Jennings led the RedHawks to 16 Mid-American Conference (MAC) championships in his 31 years of coaching.
“It was a hard decision,” Jennings said. “The main reason was that I am ready to move on and spend time with my family. I feel like I have accomplished a lot of the goals I have set for myself and I’m ready to move on to different things. Coaching, like any other job, takes up lot of your time.”
Jennings will retire as a MAC Champion as he coached the ‘Hawks to first place just under two months ago. He led the RedHawks to first or second place MAC finishes in 25 of his 31 seasons.
“It’s nice to make this decision and go out on my own terms,” Jennings said. “[The MAC Championship] is just icing on the cake.”
Senior Stacie Clagg, who competed in the breaststroke and individual medley, said Jennings did a great job connecting with the athletes.
“[Jennings] wasn’t focused on just swimming, he cared about each athlete as a person,” Clagg said. “By the end of my senior year I had done things I never thought I could do.”
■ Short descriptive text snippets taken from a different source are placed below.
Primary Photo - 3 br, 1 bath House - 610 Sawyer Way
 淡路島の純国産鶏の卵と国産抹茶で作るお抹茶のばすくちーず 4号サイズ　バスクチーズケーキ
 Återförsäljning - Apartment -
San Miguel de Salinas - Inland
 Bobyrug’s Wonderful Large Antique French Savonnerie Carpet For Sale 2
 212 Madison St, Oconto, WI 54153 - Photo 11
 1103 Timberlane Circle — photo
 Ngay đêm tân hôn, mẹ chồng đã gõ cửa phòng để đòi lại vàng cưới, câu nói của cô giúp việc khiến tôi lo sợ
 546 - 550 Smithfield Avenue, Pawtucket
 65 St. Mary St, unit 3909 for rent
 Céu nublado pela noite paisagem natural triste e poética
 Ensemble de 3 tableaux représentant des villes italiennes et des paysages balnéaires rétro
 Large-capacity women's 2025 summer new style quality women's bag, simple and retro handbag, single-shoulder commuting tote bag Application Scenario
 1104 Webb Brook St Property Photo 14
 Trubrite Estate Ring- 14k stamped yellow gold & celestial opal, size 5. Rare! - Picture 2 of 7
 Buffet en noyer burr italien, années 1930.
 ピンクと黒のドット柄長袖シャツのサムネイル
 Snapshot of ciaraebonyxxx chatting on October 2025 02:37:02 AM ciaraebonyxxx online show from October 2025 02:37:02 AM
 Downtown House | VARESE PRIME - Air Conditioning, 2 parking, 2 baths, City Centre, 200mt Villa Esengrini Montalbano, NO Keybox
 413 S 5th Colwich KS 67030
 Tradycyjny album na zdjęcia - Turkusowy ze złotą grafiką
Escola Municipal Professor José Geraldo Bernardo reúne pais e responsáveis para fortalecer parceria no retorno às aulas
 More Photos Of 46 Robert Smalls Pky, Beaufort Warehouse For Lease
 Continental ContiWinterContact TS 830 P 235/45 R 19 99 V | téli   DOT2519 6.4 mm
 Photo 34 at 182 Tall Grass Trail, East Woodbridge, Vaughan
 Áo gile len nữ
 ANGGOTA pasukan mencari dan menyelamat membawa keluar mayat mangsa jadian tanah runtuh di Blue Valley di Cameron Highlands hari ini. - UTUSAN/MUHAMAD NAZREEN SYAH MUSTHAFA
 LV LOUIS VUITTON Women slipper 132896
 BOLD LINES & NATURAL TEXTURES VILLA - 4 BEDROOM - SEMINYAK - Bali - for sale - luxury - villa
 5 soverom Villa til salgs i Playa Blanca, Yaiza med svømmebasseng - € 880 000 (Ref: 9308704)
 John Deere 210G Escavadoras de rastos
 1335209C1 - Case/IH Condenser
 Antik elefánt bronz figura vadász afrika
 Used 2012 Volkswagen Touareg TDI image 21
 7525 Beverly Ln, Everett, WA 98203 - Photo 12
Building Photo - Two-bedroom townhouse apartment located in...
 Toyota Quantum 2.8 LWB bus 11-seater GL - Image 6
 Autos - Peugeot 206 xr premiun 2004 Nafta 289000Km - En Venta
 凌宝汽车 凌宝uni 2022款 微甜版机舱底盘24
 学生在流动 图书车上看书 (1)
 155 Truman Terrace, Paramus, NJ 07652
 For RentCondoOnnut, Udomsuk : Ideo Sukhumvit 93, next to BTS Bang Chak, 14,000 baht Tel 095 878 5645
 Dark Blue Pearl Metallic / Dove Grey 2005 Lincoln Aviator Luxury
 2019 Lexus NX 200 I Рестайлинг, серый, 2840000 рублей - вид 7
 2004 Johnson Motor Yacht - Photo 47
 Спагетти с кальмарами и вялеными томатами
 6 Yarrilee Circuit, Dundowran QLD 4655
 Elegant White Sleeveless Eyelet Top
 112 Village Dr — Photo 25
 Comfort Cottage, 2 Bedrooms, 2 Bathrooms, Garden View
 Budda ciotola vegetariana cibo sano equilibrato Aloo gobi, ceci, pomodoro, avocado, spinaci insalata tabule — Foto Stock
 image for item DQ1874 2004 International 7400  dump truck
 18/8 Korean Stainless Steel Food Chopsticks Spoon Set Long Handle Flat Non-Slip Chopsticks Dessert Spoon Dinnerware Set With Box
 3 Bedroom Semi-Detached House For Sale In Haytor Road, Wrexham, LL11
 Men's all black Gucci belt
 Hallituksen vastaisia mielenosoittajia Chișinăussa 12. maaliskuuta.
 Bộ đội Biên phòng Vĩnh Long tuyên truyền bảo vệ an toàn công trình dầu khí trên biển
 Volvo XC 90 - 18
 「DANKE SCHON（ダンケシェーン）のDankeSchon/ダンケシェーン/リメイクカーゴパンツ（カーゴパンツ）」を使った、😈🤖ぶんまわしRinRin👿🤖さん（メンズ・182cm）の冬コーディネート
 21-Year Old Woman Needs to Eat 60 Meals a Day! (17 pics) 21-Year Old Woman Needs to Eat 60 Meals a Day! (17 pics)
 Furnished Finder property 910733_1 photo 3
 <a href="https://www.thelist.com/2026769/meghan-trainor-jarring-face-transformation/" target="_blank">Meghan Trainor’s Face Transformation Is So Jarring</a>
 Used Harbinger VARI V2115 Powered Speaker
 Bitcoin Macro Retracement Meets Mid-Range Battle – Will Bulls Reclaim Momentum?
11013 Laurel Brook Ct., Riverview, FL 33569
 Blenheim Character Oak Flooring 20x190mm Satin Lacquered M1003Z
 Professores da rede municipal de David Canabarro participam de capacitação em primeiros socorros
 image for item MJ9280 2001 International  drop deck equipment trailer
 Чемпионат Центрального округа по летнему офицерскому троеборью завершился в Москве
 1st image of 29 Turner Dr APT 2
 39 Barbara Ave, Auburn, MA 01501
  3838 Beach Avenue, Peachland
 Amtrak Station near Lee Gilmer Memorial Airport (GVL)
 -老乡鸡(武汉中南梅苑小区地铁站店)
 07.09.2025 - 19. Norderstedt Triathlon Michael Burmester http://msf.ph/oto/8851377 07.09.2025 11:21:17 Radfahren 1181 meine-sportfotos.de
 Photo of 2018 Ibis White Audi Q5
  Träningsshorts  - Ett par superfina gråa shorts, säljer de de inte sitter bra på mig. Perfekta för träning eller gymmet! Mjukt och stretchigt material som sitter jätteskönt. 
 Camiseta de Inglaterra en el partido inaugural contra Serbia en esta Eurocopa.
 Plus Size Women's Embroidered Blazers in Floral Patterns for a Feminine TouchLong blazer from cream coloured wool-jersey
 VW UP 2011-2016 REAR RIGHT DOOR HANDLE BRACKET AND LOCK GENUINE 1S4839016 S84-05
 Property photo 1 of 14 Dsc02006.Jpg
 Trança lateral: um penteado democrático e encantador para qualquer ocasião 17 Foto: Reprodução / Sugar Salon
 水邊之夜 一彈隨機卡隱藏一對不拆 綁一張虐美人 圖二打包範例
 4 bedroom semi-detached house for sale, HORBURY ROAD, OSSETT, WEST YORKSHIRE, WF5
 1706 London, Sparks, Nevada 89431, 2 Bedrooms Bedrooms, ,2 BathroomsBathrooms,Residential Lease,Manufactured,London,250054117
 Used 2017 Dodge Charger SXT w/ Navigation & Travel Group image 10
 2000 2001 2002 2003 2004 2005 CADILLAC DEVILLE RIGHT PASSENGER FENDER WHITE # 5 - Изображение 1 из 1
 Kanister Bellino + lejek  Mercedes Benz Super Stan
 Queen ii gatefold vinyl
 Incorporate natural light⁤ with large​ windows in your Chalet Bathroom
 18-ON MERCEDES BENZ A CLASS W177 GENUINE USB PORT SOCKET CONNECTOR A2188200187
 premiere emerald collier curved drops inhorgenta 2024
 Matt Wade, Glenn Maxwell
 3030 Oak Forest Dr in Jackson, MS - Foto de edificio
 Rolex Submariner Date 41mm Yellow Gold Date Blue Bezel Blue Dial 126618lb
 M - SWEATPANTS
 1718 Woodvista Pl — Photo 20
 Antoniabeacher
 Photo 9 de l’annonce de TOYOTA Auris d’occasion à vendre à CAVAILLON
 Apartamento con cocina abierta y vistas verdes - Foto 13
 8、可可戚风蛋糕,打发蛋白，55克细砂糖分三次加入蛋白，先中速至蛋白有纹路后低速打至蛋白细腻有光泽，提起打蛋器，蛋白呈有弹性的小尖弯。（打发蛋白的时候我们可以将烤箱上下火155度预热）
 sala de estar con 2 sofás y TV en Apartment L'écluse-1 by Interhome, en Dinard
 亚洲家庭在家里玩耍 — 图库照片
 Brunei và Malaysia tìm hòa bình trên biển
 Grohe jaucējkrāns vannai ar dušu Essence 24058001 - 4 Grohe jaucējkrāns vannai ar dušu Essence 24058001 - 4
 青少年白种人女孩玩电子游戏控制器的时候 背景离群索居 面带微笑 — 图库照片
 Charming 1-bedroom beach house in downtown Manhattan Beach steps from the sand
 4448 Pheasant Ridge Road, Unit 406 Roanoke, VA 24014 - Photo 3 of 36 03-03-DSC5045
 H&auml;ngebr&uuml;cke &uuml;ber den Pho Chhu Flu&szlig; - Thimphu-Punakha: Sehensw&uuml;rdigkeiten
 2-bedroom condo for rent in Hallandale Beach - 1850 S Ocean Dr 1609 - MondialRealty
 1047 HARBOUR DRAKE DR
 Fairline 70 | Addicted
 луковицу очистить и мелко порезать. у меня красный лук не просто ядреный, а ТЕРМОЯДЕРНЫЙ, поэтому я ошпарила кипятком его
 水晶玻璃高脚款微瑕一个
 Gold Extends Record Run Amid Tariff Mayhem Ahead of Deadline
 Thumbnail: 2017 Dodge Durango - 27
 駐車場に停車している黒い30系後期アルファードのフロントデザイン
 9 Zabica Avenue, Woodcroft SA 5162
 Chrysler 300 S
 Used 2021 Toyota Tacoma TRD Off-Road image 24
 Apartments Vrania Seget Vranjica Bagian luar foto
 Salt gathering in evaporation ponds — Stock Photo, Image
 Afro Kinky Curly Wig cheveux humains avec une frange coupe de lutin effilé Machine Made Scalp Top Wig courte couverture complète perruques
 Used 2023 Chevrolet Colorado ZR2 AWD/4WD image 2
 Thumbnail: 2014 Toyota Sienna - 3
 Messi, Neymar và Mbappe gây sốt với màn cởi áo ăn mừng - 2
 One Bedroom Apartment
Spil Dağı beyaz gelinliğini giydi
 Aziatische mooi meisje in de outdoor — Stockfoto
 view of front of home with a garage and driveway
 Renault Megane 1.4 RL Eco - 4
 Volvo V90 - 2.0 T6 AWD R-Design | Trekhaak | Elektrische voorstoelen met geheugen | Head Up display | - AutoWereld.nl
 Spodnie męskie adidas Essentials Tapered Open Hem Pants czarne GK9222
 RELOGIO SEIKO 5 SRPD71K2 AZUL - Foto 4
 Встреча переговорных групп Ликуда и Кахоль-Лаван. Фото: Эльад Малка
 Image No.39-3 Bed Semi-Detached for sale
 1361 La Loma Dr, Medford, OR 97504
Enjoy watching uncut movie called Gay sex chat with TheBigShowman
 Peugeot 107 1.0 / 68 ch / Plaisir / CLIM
Senior Bekka Westrick, who qualified for the NCAA championships in the 100 freestyle, said Jennings helped her succeed.
“I think [Jennings] helped me build confidence in and out of the pool,” Westrick said. “He just cared about us a lot; he wanted all of us to succeed.”
Miami Athletic Director David Sayler had great praise for Jennings.
“[Jennings] embodies everything we hope this athletic department to be,” Sayler said. “He is an exemplary employee; he has a lot to be proud of.”
Jennings finished his coaching career with a dual meet record of 265-105, a .716 win percentage. The classes of 1986, 1987, 1988, 1999 and 2005 won every MAC Championship they competed in under Jennings. He coached 104 athletes to individual MAC Champion finishes.
Despite being Miami’s winningest single sport coach, Jennings did not say winning was his favorite part of coaching.
“Favorite part [of coaching], huh? That’s a hard question,” Jennings said. “I would say working day to day with the student athletes and seeing them develop is my favorite part, it’s a lot of fun.”
Sayler said Miami will begin a nationwide search for a replacement in the future.
“We have to post the position and have interviews in the next month or month and a half,” Sayler said. “We would consider the assistant coach a candidate, but we will cast an open net.”
Sayler said the job opening should be an attractive one due to the program’s success.
“[Jennings’] print is all over the program and his presence will be felt, he has left a long lasting legacy,” Sayler said. “We’re going to miss him. He’s a great coach, a great teacher, and more importantly, a great man.”